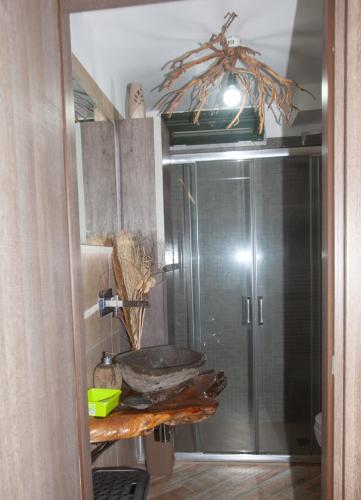 a bathroom with a shower with a glass door at B&B Gianni in Capodrise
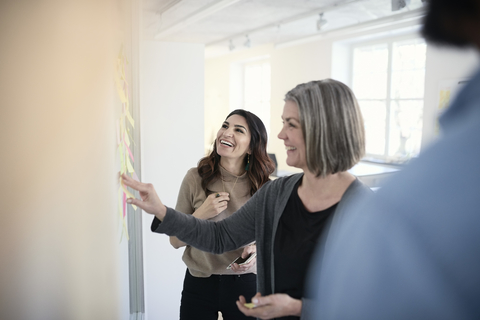 Mature female engineers smiling while reading adhesive notes stuck on glass in office stock photo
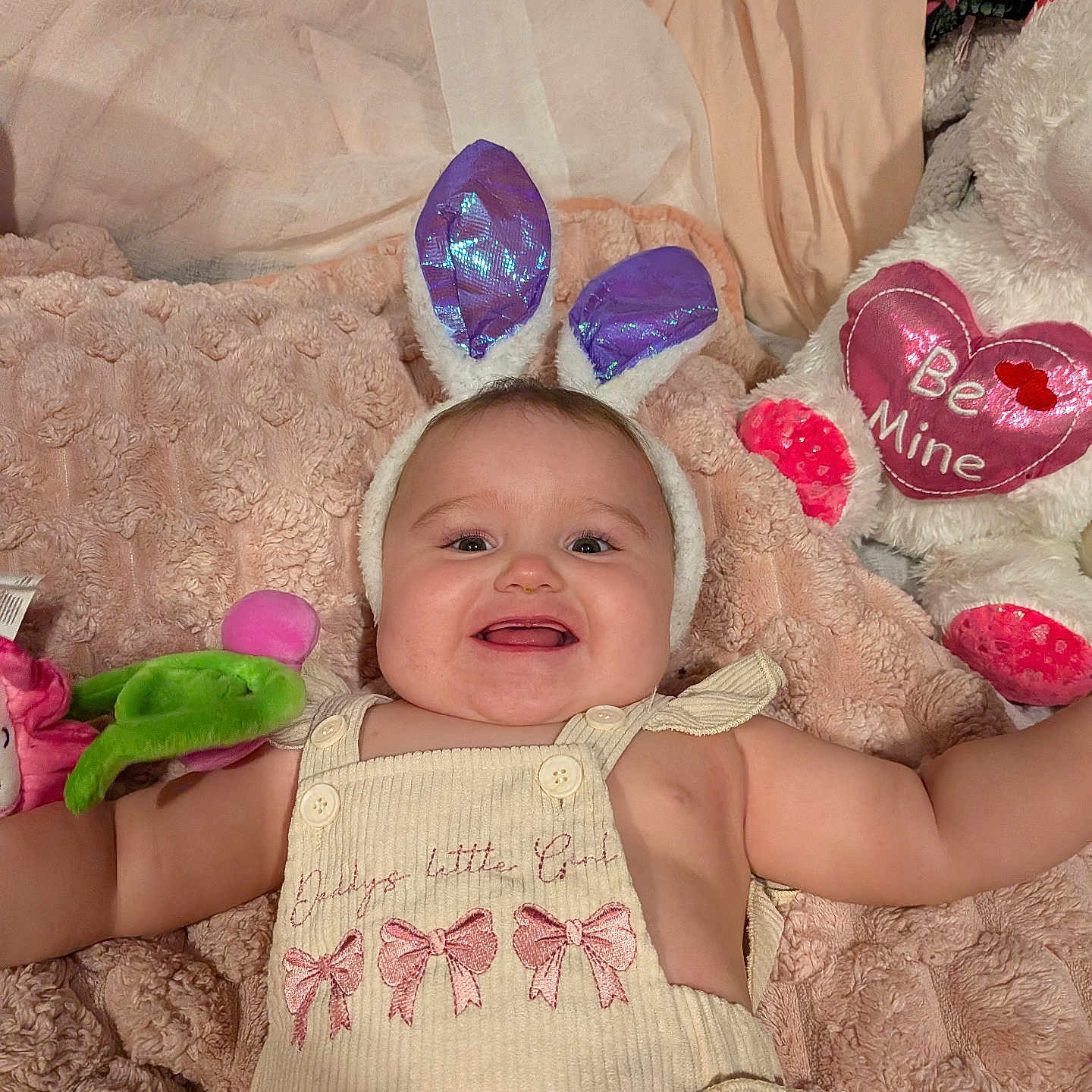 Kamden is registered to the contest to win money with this photo: baby, bunny_ears, smiling, plush_toys, blanket, pink, white_bear, heart, cute, child, infant, toy, cozy, happy, face, clothing, indoors, person, soft_texture, playful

**WORK ITEM:** Would it be possible to copy the material exactly, excluding the images?

**ANSWER AREA:**
 a bathroom with a shower with a glass door at B&B Gianni in Capodrise
 Mature female engineers smiling while reading adhesive notes stuck on glass in office stock photo
 Kamden is registered to the contest to win money with this photo: baby, bunny_ears, smiling, plush_toys, blanket, pink, white_bear, heart, cute, child, infant, toy, cozy, happy, face, clothing, indoors, person, soft_texture, playful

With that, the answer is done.